Doctor Chirnside, who seldom missed his Sunday luncheon at Buckholm, had been called away, to say what he could to a girl-wife who had just received a telegram from the War Office.

Having consumed its meat ration and sugarless apple tart, the company proceeded to mitigate the austerity of Lady Christina's war-time régime with a glass of port. Then, after a perfunctory and short-lived struggle, we yielded to the inevitable and settled down to the topic of the military situation.

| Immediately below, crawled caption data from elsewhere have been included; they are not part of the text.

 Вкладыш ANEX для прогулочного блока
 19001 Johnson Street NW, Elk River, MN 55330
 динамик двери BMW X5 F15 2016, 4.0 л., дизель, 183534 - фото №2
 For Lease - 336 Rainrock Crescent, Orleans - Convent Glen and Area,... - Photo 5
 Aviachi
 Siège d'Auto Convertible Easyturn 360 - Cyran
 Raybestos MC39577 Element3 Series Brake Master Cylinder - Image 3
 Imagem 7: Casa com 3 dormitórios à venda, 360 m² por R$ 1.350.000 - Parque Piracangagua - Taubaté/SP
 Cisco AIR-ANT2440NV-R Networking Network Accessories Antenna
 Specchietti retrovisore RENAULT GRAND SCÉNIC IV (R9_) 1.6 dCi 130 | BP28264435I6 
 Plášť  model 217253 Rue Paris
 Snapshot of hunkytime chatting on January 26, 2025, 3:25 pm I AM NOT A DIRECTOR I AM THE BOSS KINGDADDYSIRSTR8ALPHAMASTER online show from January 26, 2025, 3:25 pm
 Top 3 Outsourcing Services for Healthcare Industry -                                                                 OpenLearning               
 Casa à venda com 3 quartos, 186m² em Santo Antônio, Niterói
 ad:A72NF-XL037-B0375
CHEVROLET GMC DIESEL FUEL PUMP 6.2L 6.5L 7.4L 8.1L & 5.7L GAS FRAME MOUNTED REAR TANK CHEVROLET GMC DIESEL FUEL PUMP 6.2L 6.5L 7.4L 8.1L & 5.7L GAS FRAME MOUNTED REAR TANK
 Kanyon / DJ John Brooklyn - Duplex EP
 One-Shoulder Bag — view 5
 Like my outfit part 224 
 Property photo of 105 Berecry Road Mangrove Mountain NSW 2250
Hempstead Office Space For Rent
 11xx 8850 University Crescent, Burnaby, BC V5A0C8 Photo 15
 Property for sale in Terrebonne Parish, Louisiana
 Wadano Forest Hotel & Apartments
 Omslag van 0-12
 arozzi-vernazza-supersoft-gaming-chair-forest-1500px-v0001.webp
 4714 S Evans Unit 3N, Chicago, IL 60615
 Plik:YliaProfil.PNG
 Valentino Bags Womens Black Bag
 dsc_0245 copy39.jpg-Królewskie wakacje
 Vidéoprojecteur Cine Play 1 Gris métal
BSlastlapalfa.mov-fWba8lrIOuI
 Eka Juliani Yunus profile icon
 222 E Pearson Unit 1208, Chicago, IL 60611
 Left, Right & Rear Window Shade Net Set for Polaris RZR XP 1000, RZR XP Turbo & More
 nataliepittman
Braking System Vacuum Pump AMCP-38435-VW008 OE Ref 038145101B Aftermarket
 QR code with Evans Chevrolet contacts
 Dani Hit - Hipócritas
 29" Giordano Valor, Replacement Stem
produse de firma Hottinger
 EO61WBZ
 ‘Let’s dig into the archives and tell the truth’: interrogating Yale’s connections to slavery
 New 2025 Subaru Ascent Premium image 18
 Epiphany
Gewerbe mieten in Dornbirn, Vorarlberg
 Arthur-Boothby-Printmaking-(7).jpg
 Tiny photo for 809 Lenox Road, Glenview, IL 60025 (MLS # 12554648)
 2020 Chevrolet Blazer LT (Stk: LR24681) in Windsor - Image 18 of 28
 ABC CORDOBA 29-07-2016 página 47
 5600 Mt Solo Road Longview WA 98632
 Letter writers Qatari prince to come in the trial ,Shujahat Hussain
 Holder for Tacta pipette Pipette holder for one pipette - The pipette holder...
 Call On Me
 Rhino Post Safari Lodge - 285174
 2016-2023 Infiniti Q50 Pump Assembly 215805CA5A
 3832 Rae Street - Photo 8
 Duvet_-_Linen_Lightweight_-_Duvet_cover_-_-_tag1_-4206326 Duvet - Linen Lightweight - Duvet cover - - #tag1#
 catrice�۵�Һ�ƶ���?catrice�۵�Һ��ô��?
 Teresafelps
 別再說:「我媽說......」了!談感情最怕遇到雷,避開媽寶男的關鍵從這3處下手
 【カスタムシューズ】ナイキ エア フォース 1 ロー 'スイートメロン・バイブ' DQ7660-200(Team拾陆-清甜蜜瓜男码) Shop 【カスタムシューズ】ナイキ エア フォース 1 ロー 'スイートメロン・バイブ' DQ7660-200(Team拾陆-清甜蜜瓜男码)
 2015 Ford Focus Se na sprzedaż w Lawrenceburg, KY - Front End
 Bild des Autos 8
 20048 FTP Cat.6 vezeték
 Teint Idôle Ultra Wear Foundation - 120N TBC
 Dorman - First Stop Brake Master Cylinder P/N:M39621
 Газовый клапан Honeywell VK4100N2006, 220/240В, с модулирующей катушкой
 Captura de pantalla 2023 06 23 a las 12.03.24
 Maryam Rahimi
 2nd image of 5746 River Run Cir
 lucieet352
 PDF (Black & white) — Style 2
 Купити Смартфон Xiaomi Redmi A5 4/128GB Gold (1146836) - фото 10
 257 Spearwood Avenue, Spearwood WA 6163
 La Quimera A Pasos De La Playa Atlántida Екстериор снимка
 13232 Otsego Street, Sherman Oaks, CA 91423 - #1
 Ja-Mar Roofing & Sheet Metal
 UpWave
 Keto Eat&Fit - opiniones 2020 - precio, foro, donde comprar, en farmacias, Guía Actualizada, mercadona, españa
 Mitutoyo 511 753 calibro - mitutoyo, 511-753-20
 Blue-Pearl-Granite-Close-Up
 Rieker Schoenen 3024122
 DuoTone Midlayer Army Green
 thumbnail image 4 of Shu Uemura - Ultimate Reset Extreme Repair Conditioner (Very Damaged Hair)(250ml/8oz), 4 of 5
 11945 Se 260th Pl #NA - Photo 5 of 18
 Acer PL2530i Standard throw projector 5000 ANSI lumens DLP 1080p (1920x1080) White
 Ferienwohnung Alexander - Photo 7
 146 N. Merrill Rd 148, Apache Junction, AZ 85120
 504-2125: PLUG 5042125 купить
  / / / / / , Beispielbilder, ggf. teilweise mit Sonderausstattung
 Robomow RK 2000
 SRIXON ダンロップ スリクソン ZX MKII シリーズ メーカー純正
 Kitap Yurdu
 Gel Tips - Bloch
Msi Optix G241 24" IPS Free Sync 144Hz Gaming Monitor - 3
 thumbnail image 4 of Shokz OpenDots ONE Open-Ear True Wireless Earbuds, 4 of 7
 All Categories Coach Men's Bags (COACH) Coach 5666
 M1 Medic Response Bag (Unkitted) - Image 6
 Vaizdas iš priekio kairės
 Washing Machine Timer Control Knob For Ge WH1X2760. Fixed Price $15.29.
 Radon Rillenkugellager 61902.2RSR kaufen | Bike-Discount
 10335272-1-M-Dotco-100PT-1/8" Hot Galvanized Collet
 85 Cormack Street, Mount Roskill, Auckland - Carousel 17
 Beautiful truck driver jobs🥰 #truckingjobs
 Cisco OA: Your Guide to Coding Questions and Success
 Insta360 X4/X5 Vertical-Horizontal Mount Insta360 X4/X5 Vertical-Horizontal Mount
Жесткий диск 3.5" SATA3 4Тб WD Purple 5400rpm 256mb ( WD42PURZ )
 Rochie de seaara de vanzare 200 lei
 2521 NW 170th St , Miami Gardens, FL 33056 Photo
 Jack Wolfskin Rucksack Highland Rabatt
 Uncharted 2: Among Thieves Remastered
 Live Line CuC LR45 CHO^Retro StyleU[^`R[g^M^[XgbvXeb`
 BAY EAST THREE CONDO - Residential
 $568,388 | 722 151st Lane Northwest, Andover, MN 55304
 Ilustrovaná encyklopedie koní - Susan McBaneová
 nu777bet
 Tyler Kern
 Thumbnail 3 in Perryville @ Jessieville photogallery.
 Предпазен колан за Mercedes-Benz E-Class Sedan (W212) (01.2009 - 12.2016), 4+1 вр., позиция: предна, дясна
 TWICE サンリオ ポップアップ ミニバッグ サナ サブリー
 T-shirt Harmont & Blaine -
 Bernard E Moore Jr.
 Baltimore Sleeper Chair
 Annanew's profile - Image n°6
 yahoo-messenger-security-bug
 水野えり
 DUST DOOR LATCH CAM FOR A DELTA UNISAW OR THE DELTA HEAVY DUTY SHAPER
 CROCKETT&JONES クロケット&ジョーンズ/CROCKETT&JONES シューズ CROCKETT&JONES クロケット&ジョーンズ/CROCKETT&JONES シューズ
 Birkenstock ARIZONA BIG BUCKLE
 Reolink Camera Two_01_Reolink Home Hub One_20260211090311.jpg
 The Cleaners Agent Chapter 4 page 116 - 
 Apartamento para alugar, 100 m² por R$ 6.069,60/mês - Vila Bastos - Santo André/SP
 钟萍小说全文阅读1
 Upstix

It was a curious experience for me, who had heard little round that peaceful table since boyhood but hunting shop and county gossip, to find myself involved in the same eternal debate as was exercising every mess, billet, and dug-out on the Western Front—a debate distinguished in both cases by extreme personal bias and entire ignorance of essential details. It is hardly necessary to mention that Lord Eskerley, the one person who could have enlightened us, offered no contribution.

Naturally we concentrated upon the rumours of the knock-out blow which Germany was preparing to deal her arch-enemy in the early spring—a blow which came near, in the actual event, to driving a wedge between the armies of France and Britain, and establishing a German base on the English Channel. But in January, nineteen-eighteen, when we had not lost a field-gun or a trench system since the First Battle of Ypres, and had been steadily winning back the soil of France and accumulating German prisoners for more than three years, no one took such a possibility seriously. Eric was particularly sanguine.

"A good thing, too!" he said. "Let them come! Then we can sit well back, and make a clean job of the lot, instead of getting hot and dusty going to look for them! This war will end when we have killed enough Boches; and if the Boches will help us by coming along to get killed—and you know what the Boche can do in that way once he gives his mind to it—there will be no complaints on our side. I feel—"

This characteristic pronouncement was interrupted by Lord Eskerley.

"It's only human nature, you know," he said. "You can't blame them. Naturally they think of their own front first. Must!"

This did not seem to fit in well with the rest of the conversation—a not altogether unusual feature of his lordship's table-talk.

"Napoleon was right," he continued. "Or was it Hannibal? Said he would sooner fight two first-class generals collaborating than one single-handed second-rater. It works out this way. Tweedledum says to Tweedledee: 'You must take over more Front.' Tweedledee says to Tweedledum: 'It can't be done! Look at my casualty list for the last three months!' Tweedledum replies: 'But you are only holding about half as much line as I am.' Thereupon Tweedledee produces statistics to show that although he holds the shorter line he has sixty-seven and a half per cent. of the enemy massed against him. And so it goes on. The old game! I believe that in Bohemian circles it is known as 'Passing the Buck.' A colloquial but apposite expression! I picked it up from an American attaché in Paris. In due course we shall come to the only solution—a Supreme Commander, responsible for the safety of the whole line. But, as usual, we shall pay in advance—through the nose!"

The import of the old gentleman's ruminations was now tolerably apparent to all; that is, to all but our hostess.